In this webinar we will discuss with case studies how easy and feasible is the parallel consultation in practice, what should the sponsors be aware of, as well as the opportunities and pitfalls of seeking this process.
Key learning objectives:
- Understand the benefits of EMA scientific advice, HTA advice and parallel consultation
- Know the alternative options when parallel consultation isn’t applicable or the best choice
Gabrielle Nayroles, MSc, Director, Market Access
As a Market Access Director at Voisin Consulting Life Sciences (VCLS), Gabrielle works in close collaboration with life science companies and her VCLS colleagues to provide market access strategic insight to ensure that portfolio strategy is led by optimum ROI/risk ratio and that and the technology development plan address payers’ requirements.

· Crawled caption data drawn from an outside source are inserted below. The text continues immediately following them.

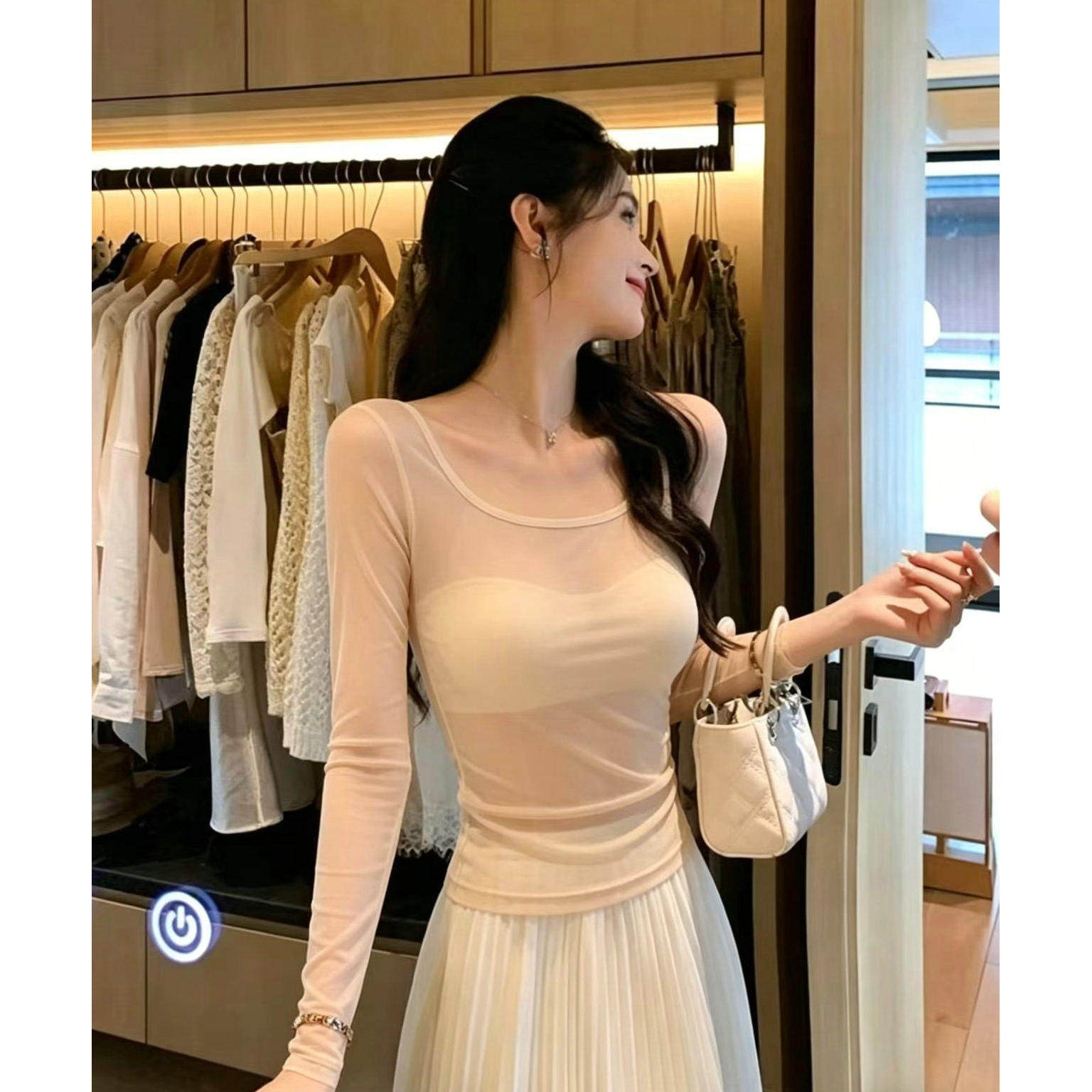 女肤色网纱打底衫超薄长袖防脱丝舞蹈内塔低领透明上衣春秋款修身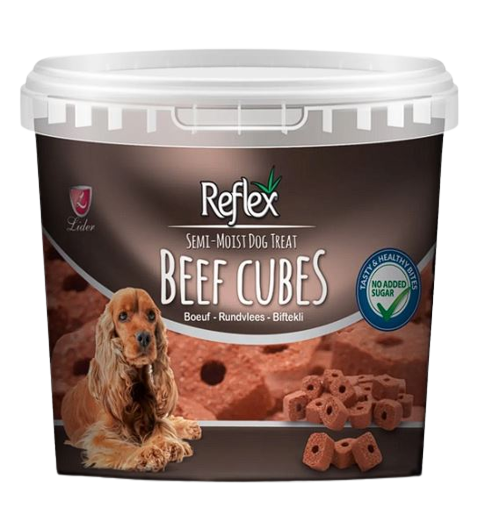 Reflex Semi Moist Dog Treat Beef Cubes - Biftekli Küp Ödül 500 Gr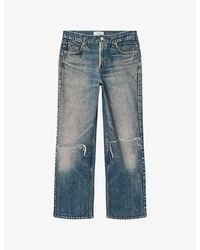 AllSaints - Ida Terry Straight-Leg Illusion-Denim Jeans - Lyst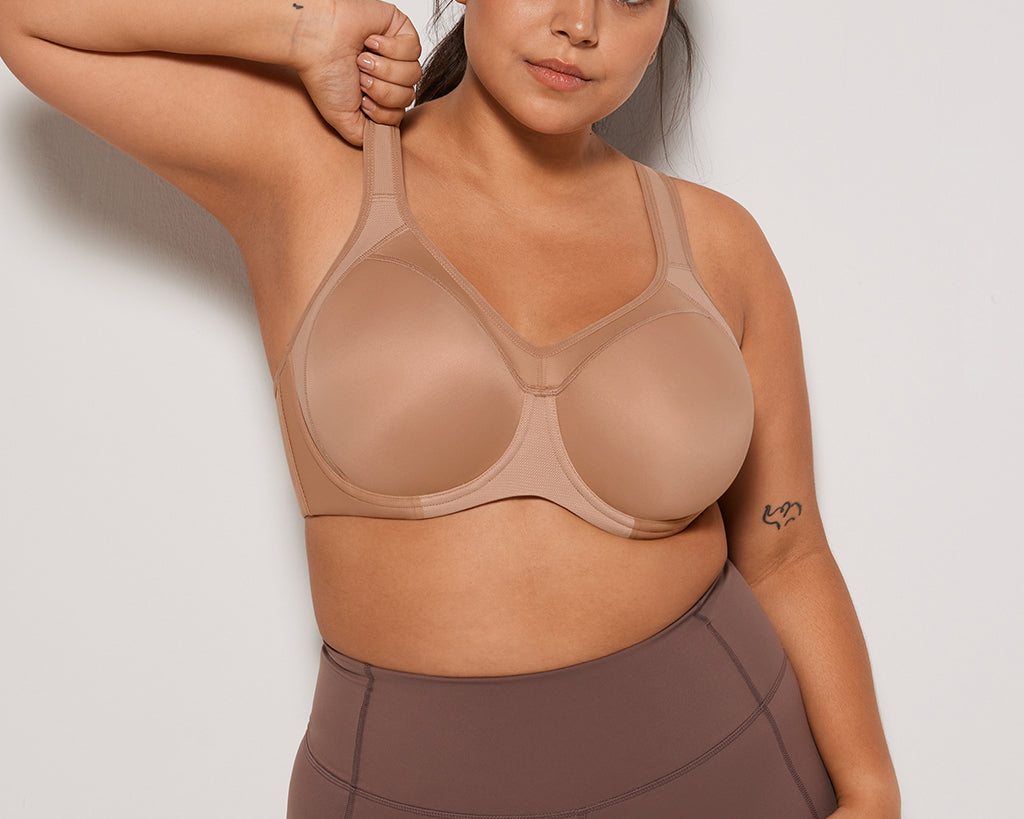 Women's Racerback Underwire Sport Bra Dark flower ash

Delphine Kazancigil, Pharm.D, M.Sc, Director, Regulatory Science, Drugs & Biologics
Delphine Kazancigil is Director in VCLS’s office in Paris. She is an experienced regulatory science professional who has an in-depth knowledge of the European (EU) legislation and regulatory requirements.Delphine assists clients with her scientific, technical and regulatory expertise in the design of products development plans and associated regulatory and registration strategies. In particular, she has significant experience in writing pediatric investigational plans (PIP), including recommendations on the design of the PIP and in writing orphan drug designation (ODD) applications in the EU
Florence Bine-Scheck, MD, Senior Medical Director
As Senior Medical Director with VCLS, Florence is Head of the Non Clinical and Clinical Development group. She provides advice on medical and clinical aspects of projects involving the design of clinical development plans, clinical trial protocols, Scientific Advice Procedures, regulatory document writing, Risk Management Plans and Paediatric Investigation Plans.